Düşünemiyorsak, “düşünmeyi” düşünmeye başlamıyorsak geriye ne kalır? Kimi bulursak, bizi kim çekerse kendi yoluna, kim “ben o adresi biliyorum… “ diyorsa onun peşine takılırız… Yamyamla yola çıkarız. Yamyam, yolda bizi yer; yem oluruz… Yok ben kendimi yamyama-mamyama yedirmem diyorsanız; kurtuluş yamyamı yemektir. Var mı bir başka yolu bu işin? İçinde bulunduğumuz son günlerdeki dünya ve ülke sorunlarının içine düşülen karmaşa ve çözümsüzlük; işte bu yanlış yol arkadaşlığına dayanıyor.

Burada söylenecek son söz; güncel siyasal olayları kapsayarak ve tarihin öğretilerine dayanak şu olabilir: Yönetimlerin yaptığı hatayı halk düzeltebilir. Halkların yaptığı hatayı; tarih bile düzeltemez, yalnızca tanıklık eder.

Gelin, biz “bir düşünmeyi, düşünmeye başlayalım…

Deney: Ayakkabımın içindeki çakıl taşı:

Yazıma: "Son günlerde; ülkemin siyasal, sosyal ve sportif havasını içime çekmekte zorlanıyorum!.. Bu nefes alıp-verememe; yalnız ülkemle sınırlı kalsa neyse, şimdilerde bu sorun tüm dünya ile de beni çatışır yaptı ve tüm gücüyle etki alanının dışına itmeye başladı. Bu düşünme sistemi içinde elimde olmayarak öfkeleniyor, öfkelenmekle kalmıyor; bir de öfke biriktiriyorum…" diye başlamıştım.

-Somali tamam da biraz da Somalıya bakalım! Ne yer, ne içer, hali nicedir? Kredi kartlarının taksitleri ödeniyor mu?

-Arap sokakları tamam da biraz da Beyoğlu sokaklarına baksak diyorum! Şu esnaf, zabıta boğuşmasına bir baksak, bir akıllı çözüm üretsek diyorum!

Diyorum ki beynimin çalışmasından mutlu değilim. Bilimsel bir dürtü ile onu kendine getirmeliyim. Ne yapmalıyım?

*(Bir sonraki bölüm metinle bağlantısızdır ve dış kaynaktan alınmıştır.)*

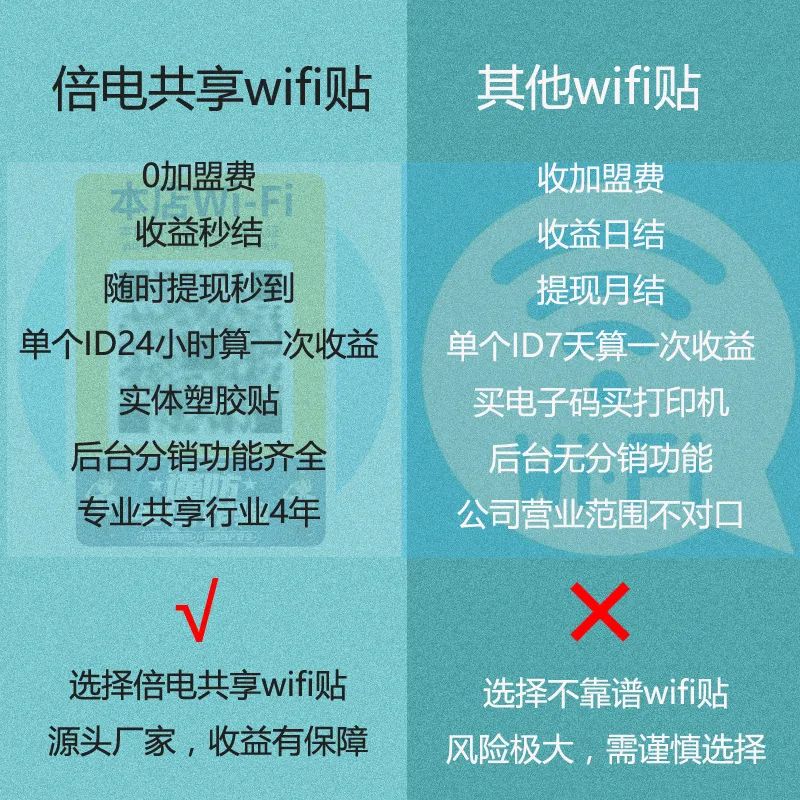 wifi共享精灵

Çözüm: Bu gün sağ ayakkabımın içine bir çakıl taşı koyacağım ve iki sokak uzaktaki bakkalıma kadar gidip günlük gazetelerimi alıp eve geleceğim. Ben bu işi her gün öylesine olağan olarak yapıyorum ki ne zaman bakkala gittim, ne zaman geldim ve balkonumda gazetelerimi okumaya ne zaman başladım!?. Düşünmüyorum…

Apartman kapısından çıktım, merdivenleri indim ve bir çakıl taşı arıyorum. Çakıl taşı yok! Çakıl taşını ölçü olarak alıp, bir taşlaşmış çakıl taşı büyüklüğündeki beton parçayı sağ ayakkabımın içine koyup bakkala kadar gidip yürüyeceğim.

Çakıl taşını sağ ayakkabımın içine koydum. Ayakkabımın bağlarını bağlayıp, yürümeye başladım. Fena değil!?. Yürünüyor… Kırk adım sonra ayakkabımın içindeki çakıl taşını sallayarak ayağımı acıtmayacak bir konuma getirmeye çalışıyorum, olmuyor!.. Devam! yürümeye devam… Çakıl taşı sinirimi bozuyor. Düzenimi, bozdu attı. Ne denli güzelmiş: Bakkala giderken ayağının ayakkabı içindeki durumunu düşünmeden yürümek. Sokağın köşesi görünüyor, hızlanıp bakkala ulaşmaya çalışmak istiyorum; olmuyor, hızlanamıyorum… Nedeni çakıl taşı… Beni yavaşlatıyor, oyunu onun kurallarıyla oynamamı istiyor… Topal ördek gibi yürüyorum sokakta… İçimden devam, devam diyorum. Ha gayret az kaldı! Mademki deney yapıyorum; bunu bilimsel bir temele oturtmalıyım… Bilimselliğin iki kuralı olan: Olayı laboratuar ölçeğinde yinelemek; bu tamam. Yineleriz olur biter. Matematik olarak formüle etmek: Bu nasıl olacak? Yol çarpı iki, çıkan sayı ikiye bölünecek; o da eşittir bir ayağın aldığı yol… Çıkanı bir buçuk ayakla çarp?!. Bu işi sonra yaparım, çakıl taşı sağ ayağımı yedi bitirdi; bu durum ayakkabımın umurunda bile değil.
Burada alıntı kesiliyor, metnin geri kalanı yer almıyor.